“No tengo nada que esconder”, decía con frecuencia un viejo y querido amigo. A veces yo mismo lo he dicho. Pero… concretamente ¿a qué nos estamos refiriendo cuando emitimos semejante declaración?
“Entonces fueron abiertos los ojos de ambos, y conocieron que estaban desnudos; entonces cosieron hojas de higuera, y se hicieron delantales.”
(Génesis 3:7 RV60)
Un breve examen de conciencia delante de Dios, ni muy profundo, ni muy exhaustivo, por cierto; me revela a las claras que, al menos lo mío, debe ser no un simple delantal como el de Adán y Eva, sino ¡todo un “Armani” íntegramente realizado en hojas de higuera!
Si alguien nos llamara “hipócritas”, las reacciones serían de lo más variadas, dependiendo de cada persona y de su estado de ánimo. Pero sin lugar a dudas existirían unos cuantos denominadores comunes: malestar, incomodidad, tal vez enojo…
Existe una clase de hipocresía que genera rechazo, que como seres humanos a veces ejercemos pero nos cuesta mucho perdonar. Es esa falsedad conciente, la que deliberada y premeditadamente, esconde, tergiversa, confunde, miente o muestra solo una parte de la verdad. Fingir lo que realmente no se es o no se siente. A los cristianos no nos gusta hablar de esto.
Sin embargo, hay otro tipo de simulación totalmente inconciente, que no planeamos ni remotamente premeditamos. Una especie de “mecanismo de defensa” que tiende a encubrir nuestro verdadero ser, de la mirada, de la observación, del alcance de los demás. Una forma, en un amplio sentido de la expresión, de “vestir” nuestra más íntima desnudez, la del alma.

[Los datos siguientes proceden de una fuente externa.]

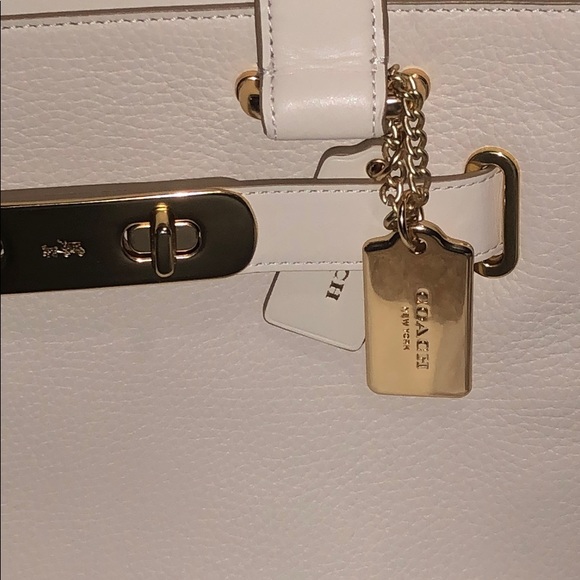 NWT Coach Swagger. Beautiful!. 🥰 - Picture 7 of 8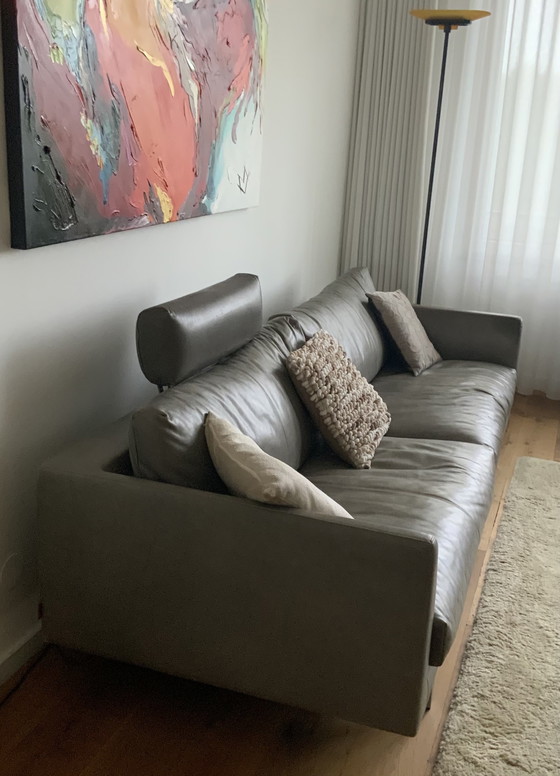 Image 1 of Montel Axis 4-seater leather ban gray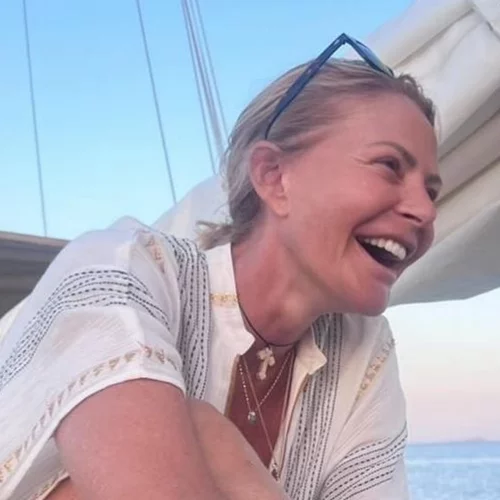 Τζένη Μπαλατσινού | Το φωτογραφικό άλμπουμ της απόδρασής της στην Τήνο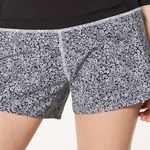 Lululemon Run Times Short (4-way Stretch 4") Ditsy Daisy White Black / Black Photo 0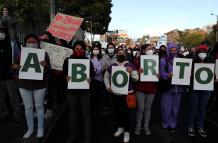 Fotografía de archivo fechada el 28 de septiembre de 2020 que muestra a cientos de mujeres mientras marchan con motivo del Día de Acción Global por el acceso al Aborto Legal y Seguro, en Quito (Ecuador).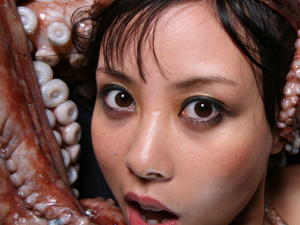 Very hot Asian girl shooting herself in the octopus's tentacles - Picture 6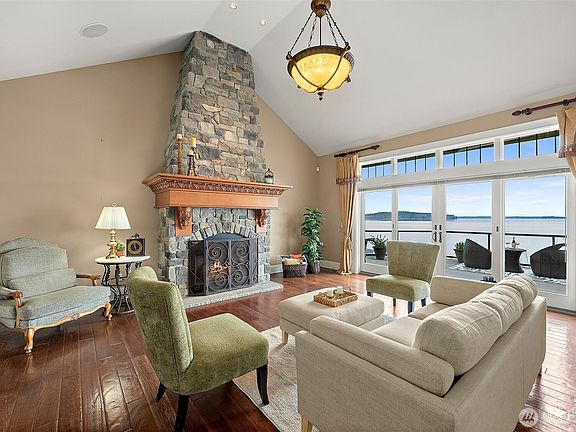 4th image of 2315 Sunnyside Heights Drive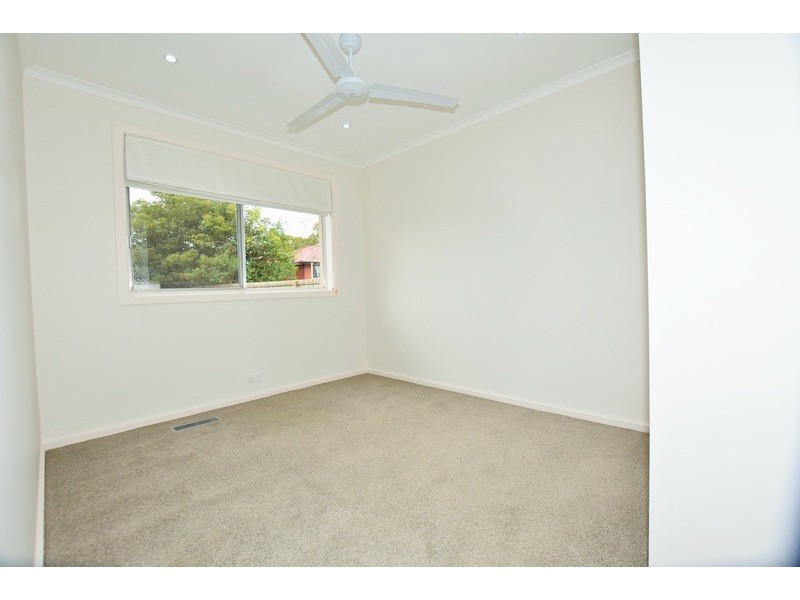 10 Lucas Avenue, Kilsyth VIC 3137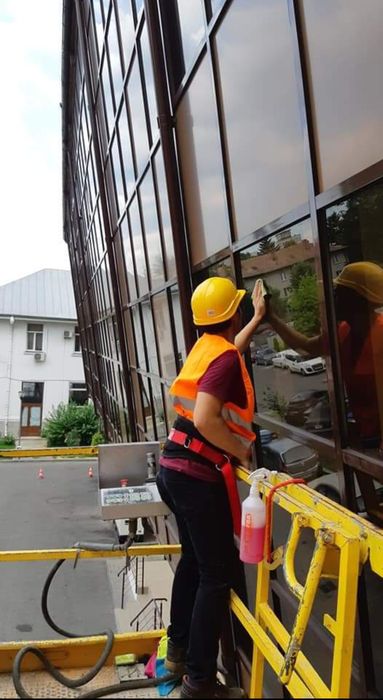 Firma servicii de curatenie industriala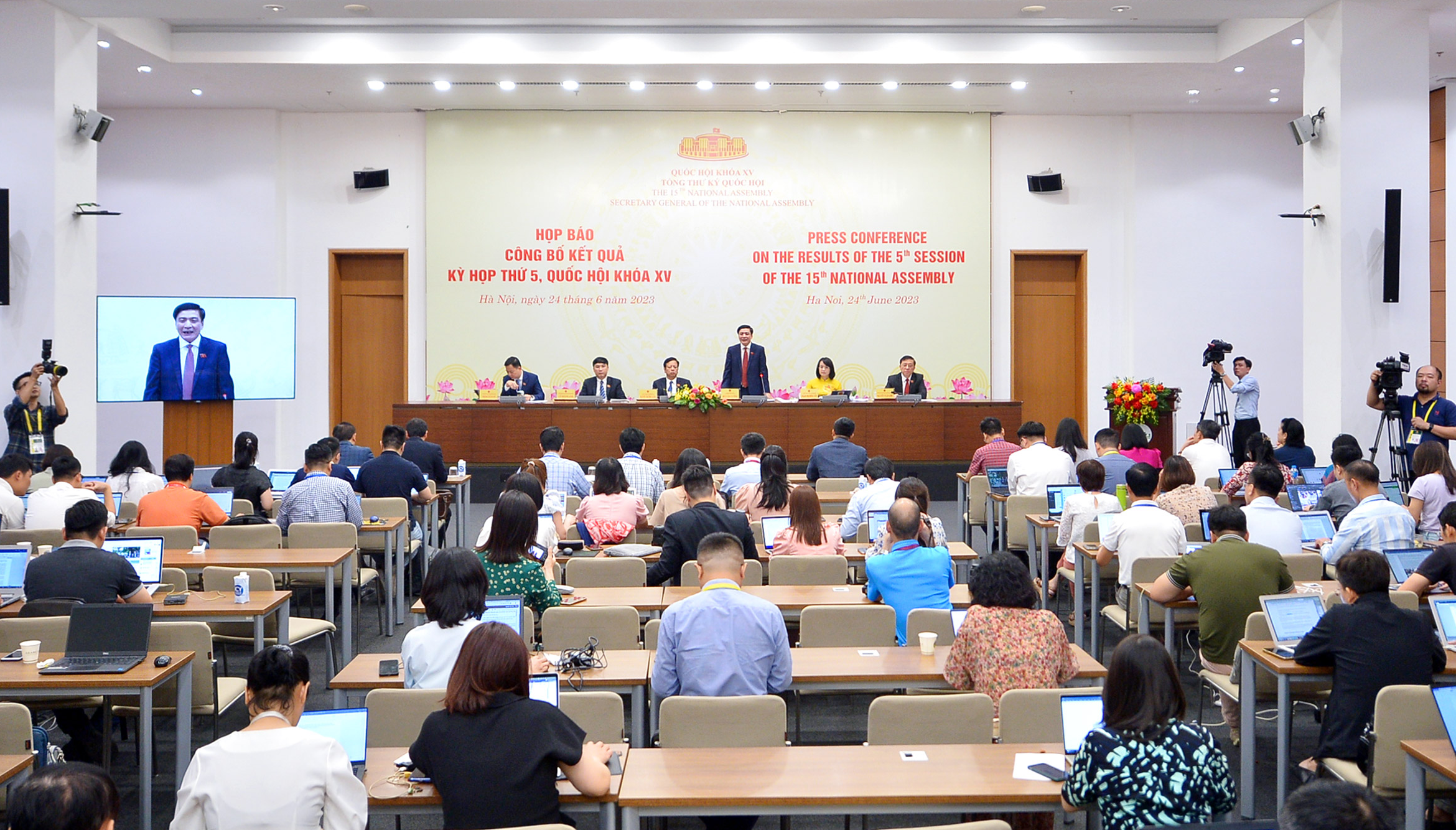 Họp b&aacute;o C&ocirc;ng bố kết quả Kỳ họp thứ 5, Quốc hội Kh&oacute;a XV.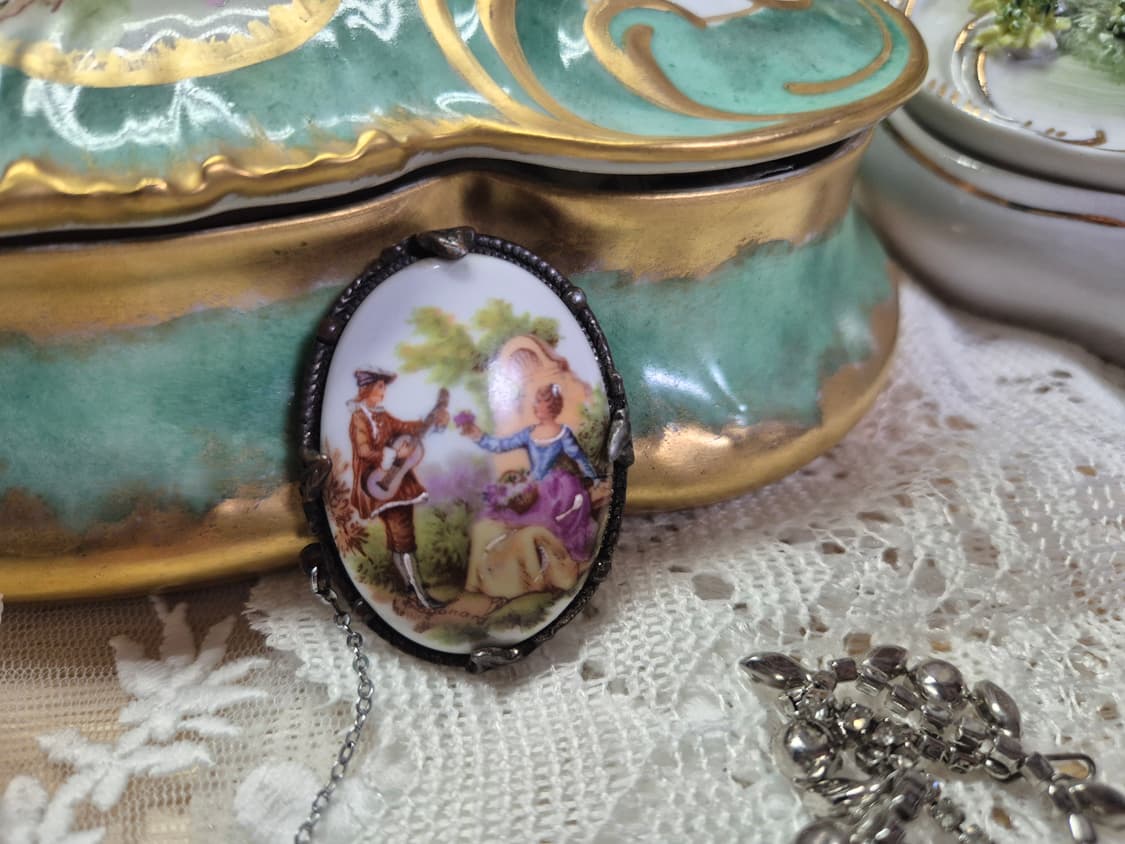 vintage)1950s 빈티지 리모지 연인 포슬린 핸드페인팅 브로치 상품이미지6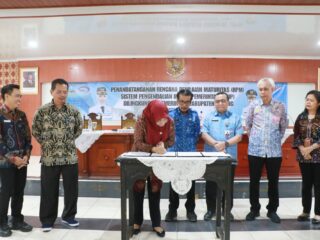 Pejabat Asda 3 Pemkab Serang saat melakukan Penandatanganan Rencana Penilaian Maturitas (RPM) Sistem Pengendalian Intern Pemerintah (SPIP).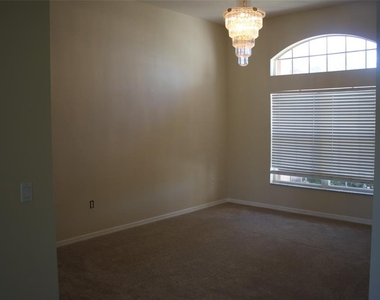 4352 Fox Glen Loop - Photo Thumbnail 3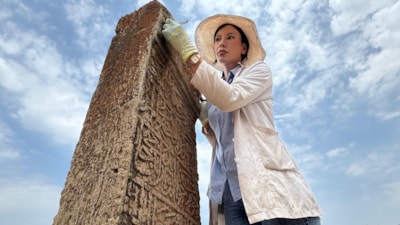 Van'daki Selçuklu Mezarlığı'nda 6 yeni mezar gün yüzüne çıkarıldı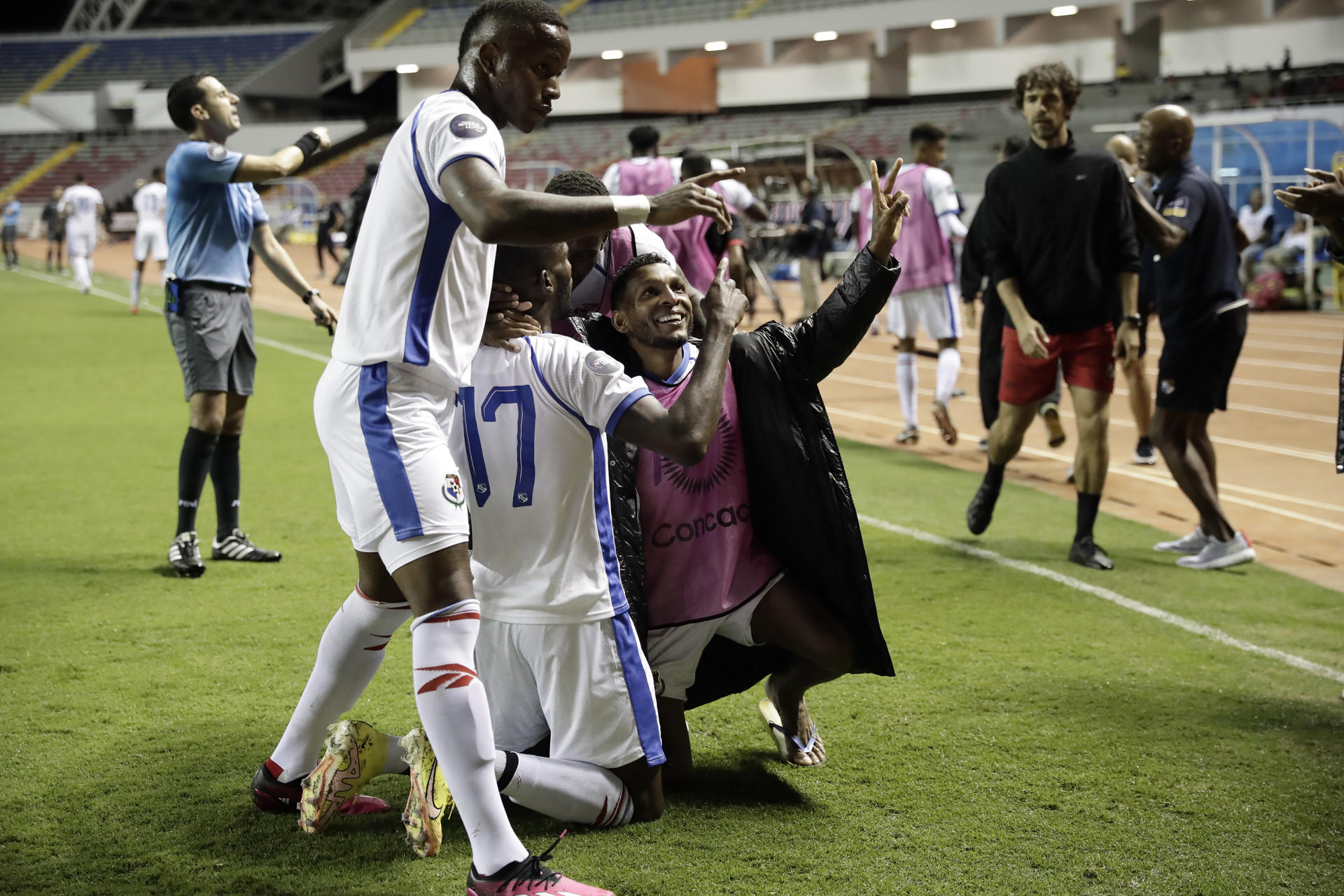 José Fajardo (c) de Panamá celebra un gol ante Costa Rica hoy, en un partido de la Liga de Naciones de la Concacaf en el estadio Nacional, en San José (Costa Rica). EFE/Jeffrey Arguedas 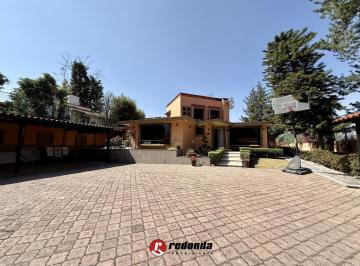 Casa · 562m² · 5 Recámaras · 10 Estacionamientos · Casa en Bosques del Lago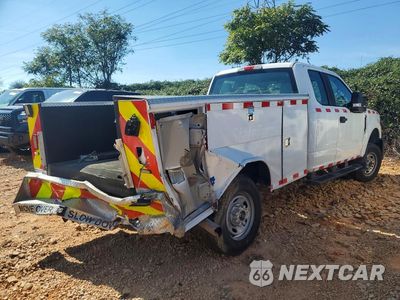 Trzecie zdjęcie samochodu z tyłu: 2019 FORD F250 SUPER DUTY VIN:1FT7X2B68KED86406 - miniatura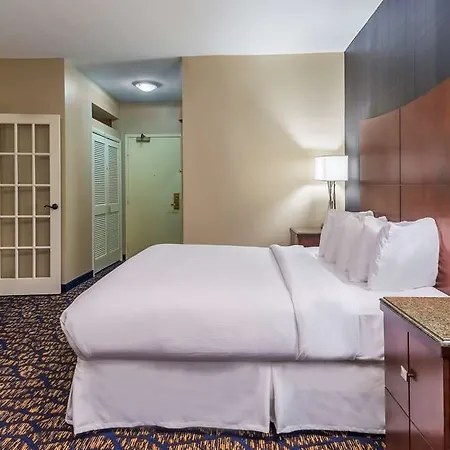 Hotel Doubletree By Hilton Downtown Nashville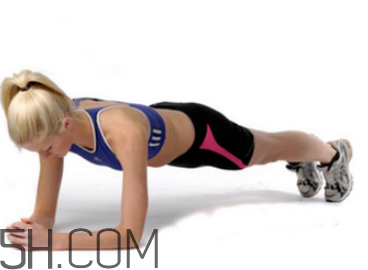 女生平板支撐多長(zhǎng)時(shí)間算好？練習(xí)平板支撐注意事項(xiàng)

Así como cubrimos nuestro cuerpo físico con ropas y prestamos más atención aún en poner a cubierto aquellas partes íntimas cuya exposición nos causa pudor; de igual manera, ese mismo mecanismo inconsciente nos lleva a taparnos, a escondernos, a cubrir lo más íntimo de nuestro ser de la mirada de los demás. Un mecanismo que es responsable y generador de una inmensa cantidad de conductas y actitudes con las que nos manejamos e interactuamos a diario con los demás… e inclusive con nosotros mismos. Este “medio de defensa” es parte de todos los seres humanos, sin importar si sean creyentes o no. Puede transformarse en un serio tropiezo cuando trasciende los límites de lo “normal” y se adentra en las tinieblas de lo patológico, llevando a muchos a vivir lo que no se es, a encerrarse en sí mismos, a ignorar, a negar, a rechazar, a enajenarse de su propia realidad existencial.
“Y él respondió: Oí tu voz en el huerto, y tuve miedo, porque estaba desnudo; y me escondí.”
(Génesis 3:10 RV60)
No le dice Adán al Señor: “sentí vergüenza, pudor”. “Tuve miedo” es lo que le expresó, que es bien distinto.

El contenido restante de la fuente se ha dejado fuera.